© Tim Calver (www.timcalver.com)
Zuccarini encounters a humpback whale while shooting Oceans in French Polynesia.
Growing up on the beaches off Key Biscayne,
Florida, Peter Zuccarini ’88 purchased his first underwater camera when
he was eleven so he could film his friends’ spear-fishing adventures.
Still swimming and shooting thirty years later, Zuccarini is about to
make his biggest splash yet as the underwater cinematographer for
Johnny Depp and Keira Knightley’s deep-sea sequel Pirates of the Caribbean: Dead Man’s Chest, which opens July 7.
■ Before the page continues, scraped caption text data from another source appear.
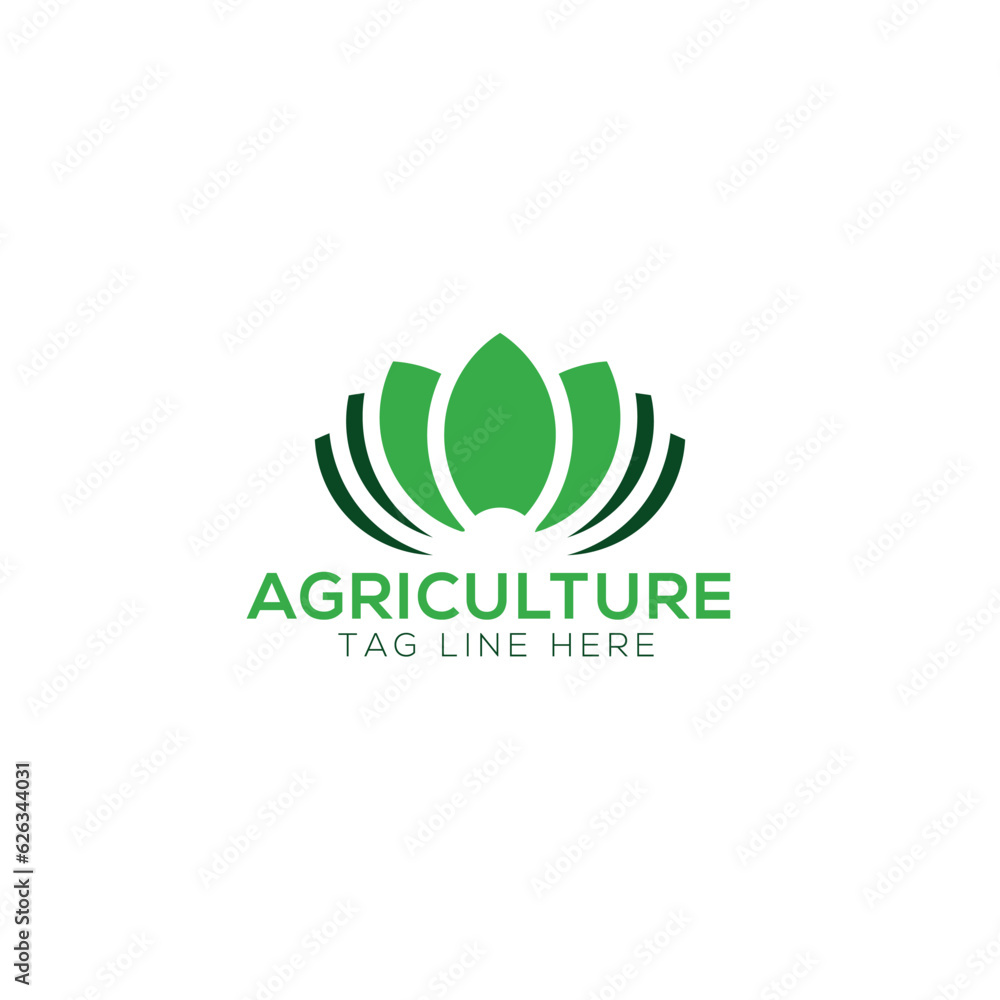agriculture or farming business or industries
agriculture or farming business or industries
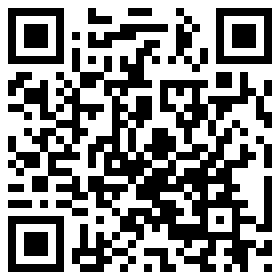 qrcode für Murrelektronik 7000-C0201-8030000 - Kabeltrommel 355mm PUR vio UL 100m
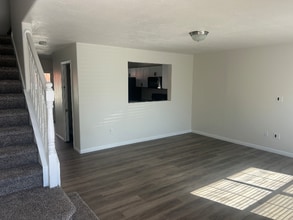 3414 S Carrick Dr in South Salt Lake, UT - Building Photo - Building Photo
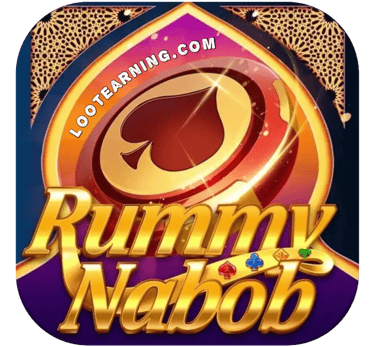 Rummy Nabob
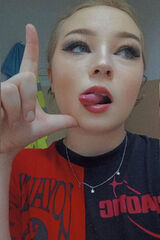 Zdjęcie użytkownika ExoSkelX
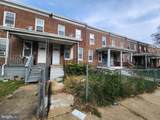 3410 Elmora Avenue - Photo 33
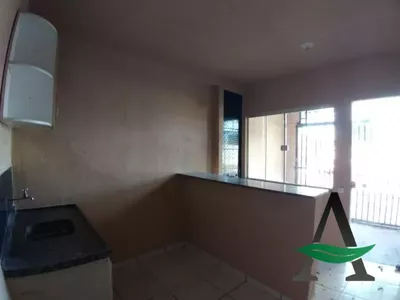 Cornélio Procópio - Comercial - Centro - Foto 23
“In Pirates, my role is mostly using the
camera to look at things as they move in and out of the water so
there’s a seamless transition,” Zuccarini said in a phone interview
from Miami, where he lives with his wife and year-old twin sons. “For
the last year, I’ve been filming right at that interface where water
meets air.”
In this, his second Pirates movie,
Zuccarini’s handiwork includes a sequence in which Kraken, a giant
squidlike sea monster, rises out of the deep to demolish a hapless
clipper ship. While the fantastical creature was created in a visual
effects studio, Zuccarini was in real danger while shooting the movie’s
tumultuous opening scene. The plot calls for Depp’s Captain Jack
Sparrow to escape from a cliffside prison in a coffin that’s swept out
to sea by thunderous surf. Director Gore Verbinski and cinematographer
Dariusz Wolski wanted the real thing and dispatched Zuccarini to St.
Vincent, in the Caribbean. There, on the island’s rocky eastern coast,
the cinematographer faced brutal winds gusting in from the Atlantic
Ocean.
© Tim Calver (www.timcalver.com)
Peter Zuccarini
“I walked down to the cliffs with these
twenty-foot waves crashing into them and literally started laughing, it
was so crazy,” Zuccarini recalls. “But they’d flown me all the way
there because I’m the person who can figure out how to get an angle
from the water without getting sucked out to sea.” He didn’t want to
chicken out. In the end, he says, “We actually got some pretty cool
shots with the waves frothing all the way up to the top of the cliff.”
Over the years, Zuccarini has filmed close-ups of
alligators, whales, and sharks—all without injury. But an ill-fated
Discovery Channel project resulted in a shark-bites-man incident that
the network airs on its annual “Shark Week” special. “I have the
dubious distinction of filming the only shot ever of a person being bit
underwater by a shark,” Zuccarini notes. “A researcher who was standing
in waist-deep water actually had his calf bitten off eighteen inches
from my lenses while I was filming him. That was the last shark film I
worked on for the Discovery Channel.”
Since completing Dead Man’s Chest, Zuccarini has been shooting a Coldplay music video and a new TV series called Aqua Man. He’ll film the third installment of Pirates in the fall.
“I’m actually more comfortable in the water than
not,” he says. “You hear about Eskimos having fifteen names for
snowflakes? Well, when you spend a lot of time in the water, you notice
all kinds of qualities. Algae makes this beautiful green, and tannic
water from the swamp creates beautiful shafts of light, and there’s
crystal-clear Bahamian water and pristine water from the springs when
we shoot in Florida. I’m just an addict and connoisseur of all things
water.”
Hugh Hart writes about the entertainment industry in Hollywood.